As the year progressed; I had all these small observable gains, to look back on. It helped each month, in the long waiting game of finding full time job. It made time period less bleak. The gains review decreased my stress and accomplished keeping me active with focus. So I did not ever ONCE get “stuck” nor depressed in the whole one year period.
So was I better off in that election year! Am I better off this election year? I do have my opinions about the current unemployment game that is played NOW in congress. Hopefully those who are in this situation have another way to not be dependent upon the DC Congressional power games. You can make a workable plan with what’s available in your time and space so DC politics will not greatly affect your personal life.
So now anther election year is upon us, you can we make sure we are better off!
I began a volunteer time, of 2 hours a week for 46-48 weeks out of the year. I took holidays, vacation off and also periods of illness. There were a few times that I came for help at home parties or other “events” like twice a year inventory for 3 hours more in a week. Now this past Jan the stats were in.
At times in the past 2.5 years I sometimes “felt”, I wished I could do more. However I was very faithful to the two hours I could fit into my busy schedule. I knew the cause was a very Good one and that it helped people in other parts of the world. So in a way it was a mission that had a global impact.

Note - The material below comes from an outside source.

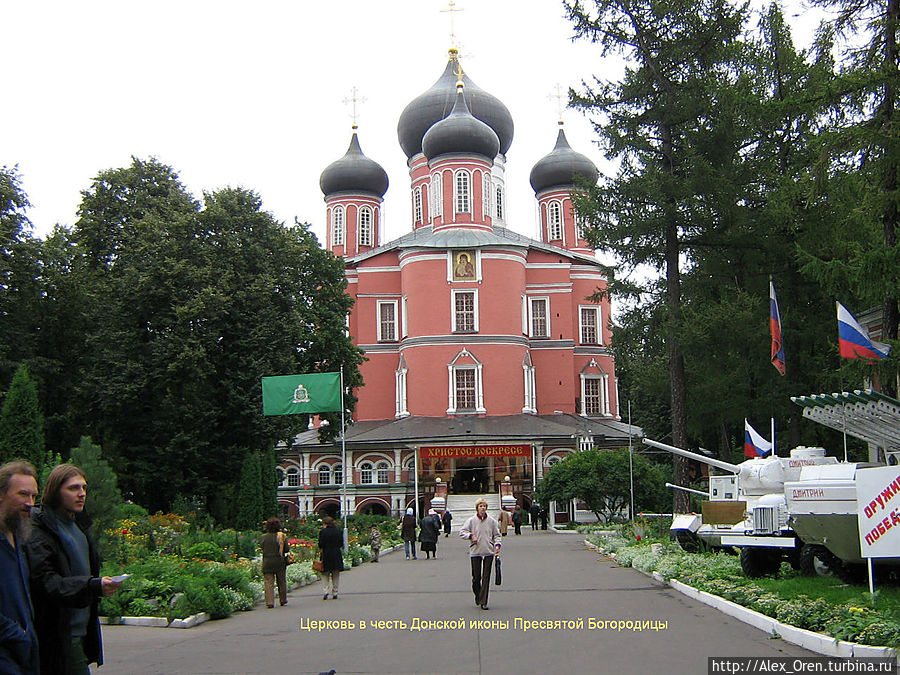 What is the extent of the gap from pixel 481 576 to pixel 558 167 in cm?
4395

The organization is Women At Risk International; they are one of a group of organizations that are doing things to combat Human Trafficking. They help all forms and all people of this evil practice, from boys to old women. The largest thing they do is health care and community skill training to make a livable wage in the country where they live. The web site is http://warinternational.org for in depth information.
Well I and over 110 others, created circles of protection and HOPE for people in over 30 different countries. My little drop in the bucket turned out to be over 100 hours in just one year!!! I was one of 6 people who put in this in just one year!!
Here they are:
2.5 years/ 913 days; At least 117 volunteer’s with a total of 4,288 hours!!
If a minim wage was assigned to the hours it would have equaled $38,592. This number equates to 154 months or 13 YEARS for one person in a safe house!
My drop in the bucket really became the little that God turned into the collective MUCH!! Ransomed people! From women, girls, to boys and men, who are now no longer SEX / worker objects.
Have a Happy Easter enjoy what you have been ransomed from!